Beginning the year outside the Top 10 of the PIF ATP Rankings for the first time in six years, Stefanos Tsitsipas is looking for a seachange on and off the court to brighten his outlook for the coming season.
“I'm looking kind of reinventing myself,” said Tsitsipas, who failed to qualify for the Nitto ATP Finals last year for the first time in six seasons.
“I felt like I've been stuck in a pattern over the last few months. I haven't been able to kind of unlock the pattern or get out of it."
The World No. 11 is leading Team Greece at the United Cup in Perth alongside WTA star Maria Sakkari, who also finds herself outside the Top 10 after an extended injury layoff.
“I'm looking for a fresh, new 2025,” he said. “That doesn't mean to suddenly just start winning everything… it's just to see a trajectory of constant improvement and improving in all fields in my career, but also in my outside life.
“I want to have stability in my life. Last year was a little bit up and down in terms of results, in terms of feelings outside of the court and on court. So I'm just hoping 2025 brings stability, a lot of health.”
Australia has been a consistent memory maker for Tsitsipas, particularly the Australian Open, where he has reached the semi-finals or better four of the past six years. He rates his 2023 final defeat to Novak Djokovic at Melbourne Park as a career highlight.
“It certainly is my best memory, let's say, on court ever,” he said. “Even though I lost that final, it was such a big, important moment in my career because I was suddenly faced with perhaps a potential Grand Slam win and my all-time childhood dream, which was to finish No. 1 in the world. Both were right in front of me.

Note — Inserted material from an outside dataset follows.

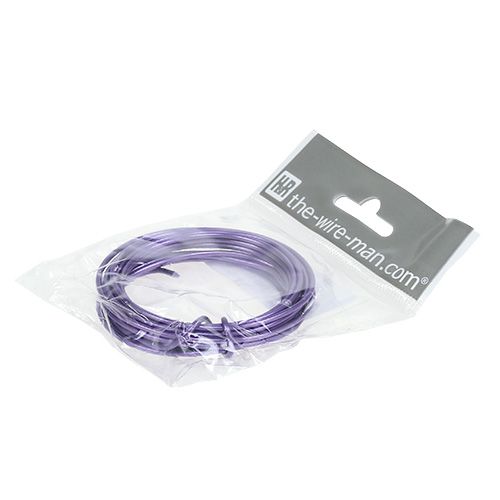 Artikel Aluminiumtråd 2mm Lila 3m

“It's probably the only time in my life that I felt like everything is really under my control and I just need to focus 100 per cent. Unfortunately, didn't happen. But the importance of it mesmerised me and made me kind of emotional that I'm getting so close to what I was dreaming for my entire life.”
Tsitsipas’ teammate in Perth, Sakkari, starts the season in unfamiliar territory outside the Top 30. She has not played since retiring in the first round of the US Open with a shoulder injury. The World No. 32 hopes that the United Cup will mark a happy return to the Tour.

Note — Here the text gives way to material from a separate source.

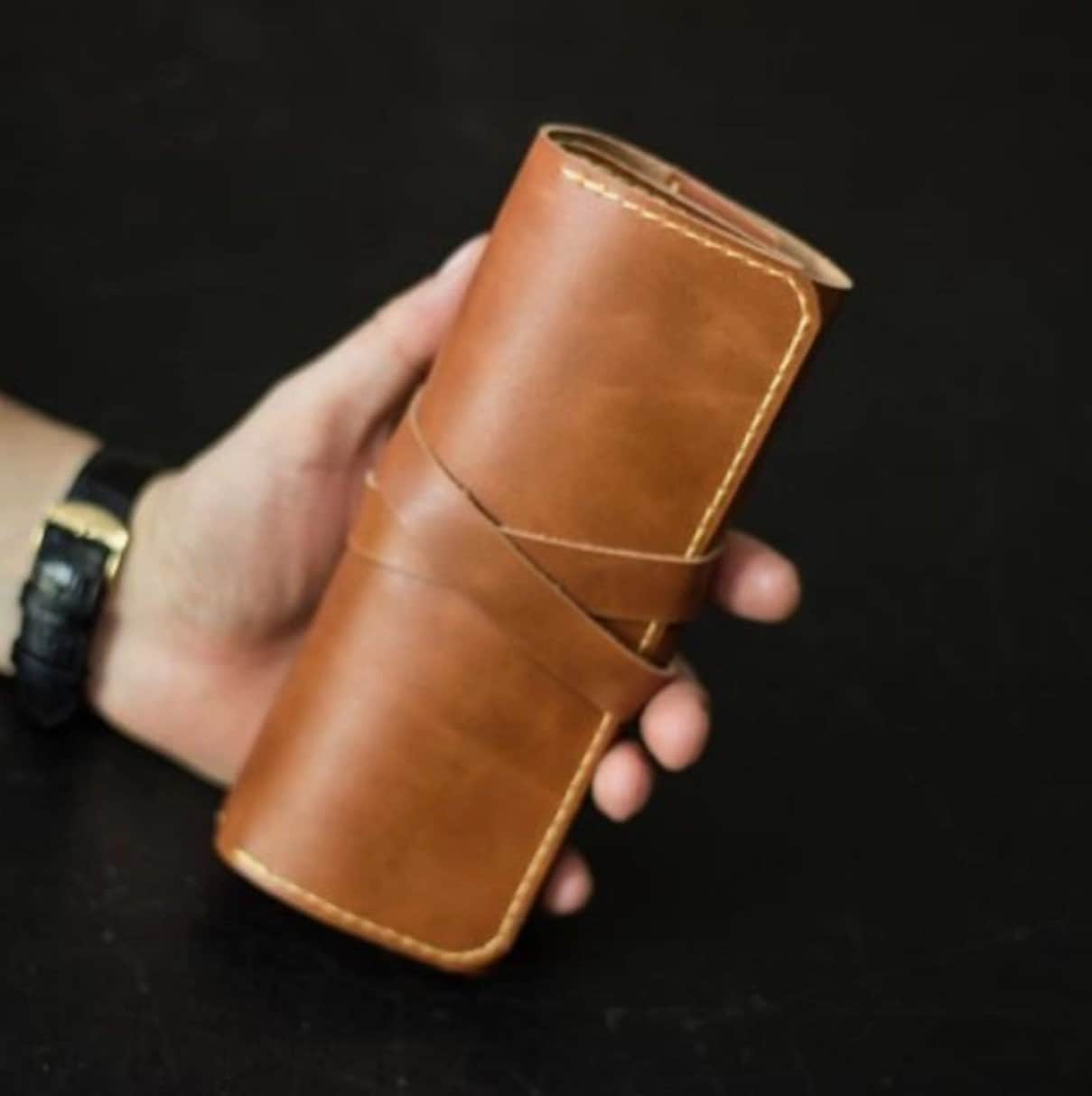 Leather Jewelry Organizer, Travel Jewelry Roll, Jewelry Roll Travel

“I basically didn't have an off-season,” Sakkari said. “I've been injured for the last five months. I tried to play the US Open, but it wasn't successful. I basically got injured in the Olympics. After that I didn't get any practise until New York.

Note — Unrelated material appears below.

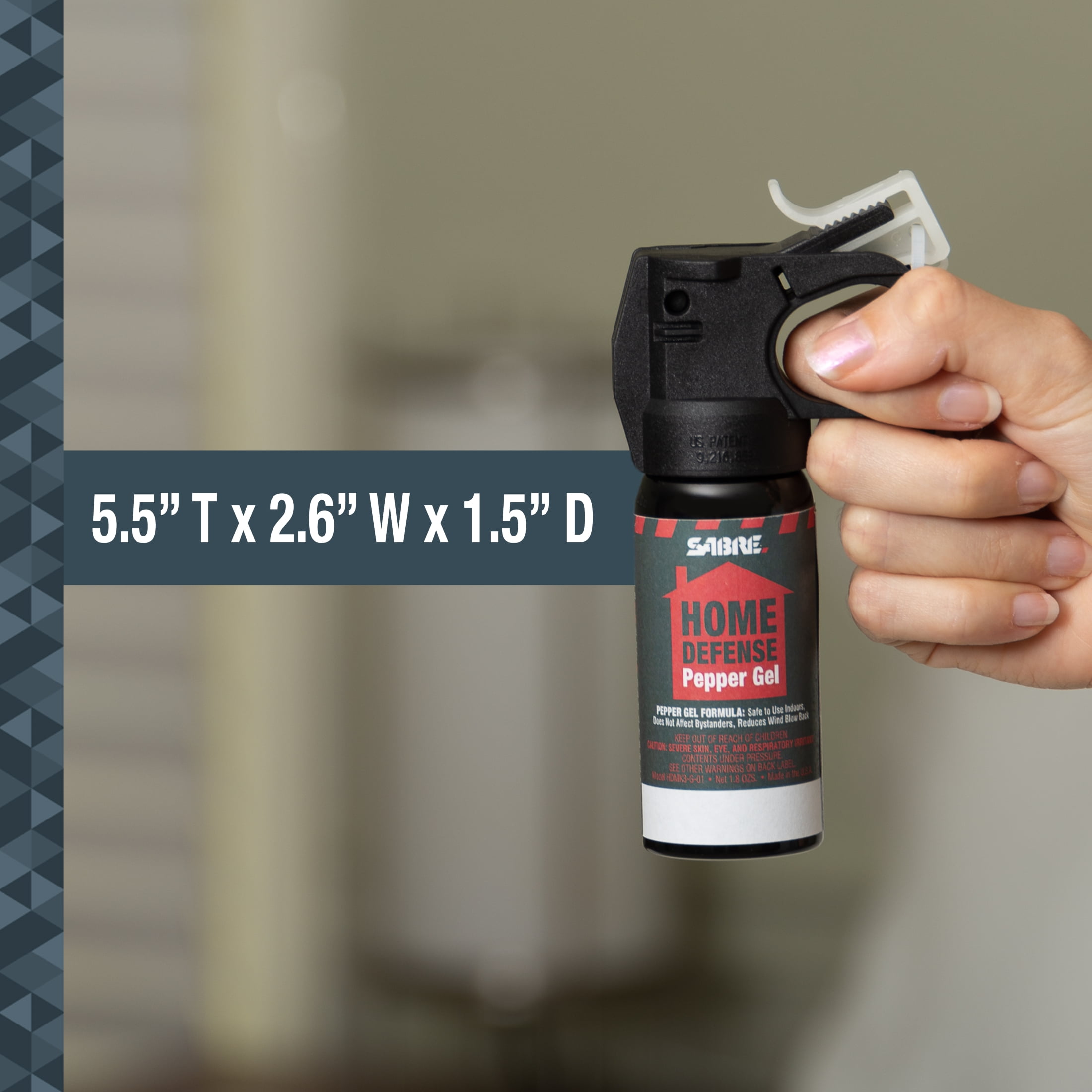 (2 pack) SABRE Home Defense Pepper Gel, Glow in The Dark Safety, 1 Ct, New, Pocket Pepper Sprays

“I didn't have a regular off-season. It was probably a rehab season, I would say. But it was tough in a way, but at the same time it was nice to have downtime and just be home for longer than two weeks and just do different stuff other than tennis: see my friends for more than two hours a week, just spend time with my family, just be a normal person for a couple of months.
“Seeing the positives out of that negative thing that's called an injury, it was a great lesson. I had a good time being out of the tour.”